Generalized launcher for human connectome project BOLD preprocessing

## Installation

### Quick Note

For brevity’s sake, all instructions assume that you are using a BASH shell. If you have made an informed decision to do otherwise, I assume you know enough to translate everything into your own environment. If you have been forced to do otherwise by some powers that be, poor soul, ask your systems administrator (or local friendly nerd) for help, or take this as a learning opportunity.

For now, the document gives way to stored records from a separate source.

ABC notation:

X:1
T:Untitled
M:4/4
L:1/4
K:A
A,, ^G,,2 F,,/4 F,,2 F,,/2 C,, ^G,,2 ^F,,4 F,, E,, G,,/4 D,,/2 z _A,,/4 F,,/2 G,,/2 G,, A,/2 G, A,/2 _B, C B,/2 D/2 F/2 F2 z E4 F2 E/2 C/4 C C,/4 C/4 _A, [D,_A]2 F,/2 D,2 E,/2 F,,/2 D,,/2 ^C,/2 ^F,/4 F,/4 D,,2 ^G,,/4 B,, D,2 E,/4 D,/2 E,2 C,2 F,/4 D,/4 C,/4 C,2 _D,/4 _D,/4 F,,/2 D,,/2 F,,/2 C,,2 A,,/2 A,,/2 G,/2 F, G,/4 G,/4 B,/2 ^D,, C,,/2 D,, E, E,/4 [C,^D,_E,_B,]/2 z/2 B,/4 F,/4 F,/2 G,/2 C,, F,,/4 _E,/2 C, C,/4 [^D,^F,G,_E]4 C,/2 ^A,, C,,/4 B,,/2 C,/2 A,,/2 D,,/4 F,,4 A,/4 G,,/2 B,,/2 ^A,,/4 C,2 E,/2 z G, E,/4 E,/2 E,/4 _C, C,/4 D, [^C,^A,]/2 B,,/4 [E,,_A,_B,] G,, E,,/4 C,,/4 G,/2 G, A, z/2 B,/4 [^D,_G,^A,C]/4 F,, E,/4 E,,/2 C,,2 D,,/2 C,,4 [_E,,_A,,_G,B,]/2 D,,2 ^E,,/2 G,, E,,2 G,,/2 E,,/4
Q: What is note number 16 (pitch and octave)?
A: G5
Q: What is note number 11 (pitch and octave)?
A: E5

These instructions also assume that your python environment is already set up. If that’s not the case, you may find it helpful to consult our cluster setup instructions. While the instructions there are specific to the High Performance Computing cluster at Washington University in St Louis, most of them will apply to your environment, as well.

### The HCP Pipeline

This code has been tested against HCP Pipeline v3.0RC3 (commit 058c132fc, Tue, Jan 14 2014). You’ll have to make sure that the this or a later compatible version of the HCP code is installed on all of the machines on which you want to run the workflow. Installation is fairly easy - as long as you already have all of the HCP Pipeline’s dependencies installed. Check the HCP Pipeline readme.txt for more information on how to get that done, paying special attention to FSL and FreeSurfer versions, and installing all of the dependencies of gradient_unwarp.py. If you have multiple versions of gradient_unwarp.py on your machine - be careful! Make sure that the version you call from the command line is the first version found on your python path, otherwise you might see some crashes.

One final note: because the HCP Pipelines include some pretty large files, your systems admin would probably appriciate it if there weren’t a new installation for every user. Check around with anyone else who uses the systems you’re planning to use who might also use the HCP Pipelines. If they’re already installed, it’ll save you some pain.

### hcprep (this project)

This project was developed for python versions > 2.7 and < 3.0, Nipype > 0.9.2.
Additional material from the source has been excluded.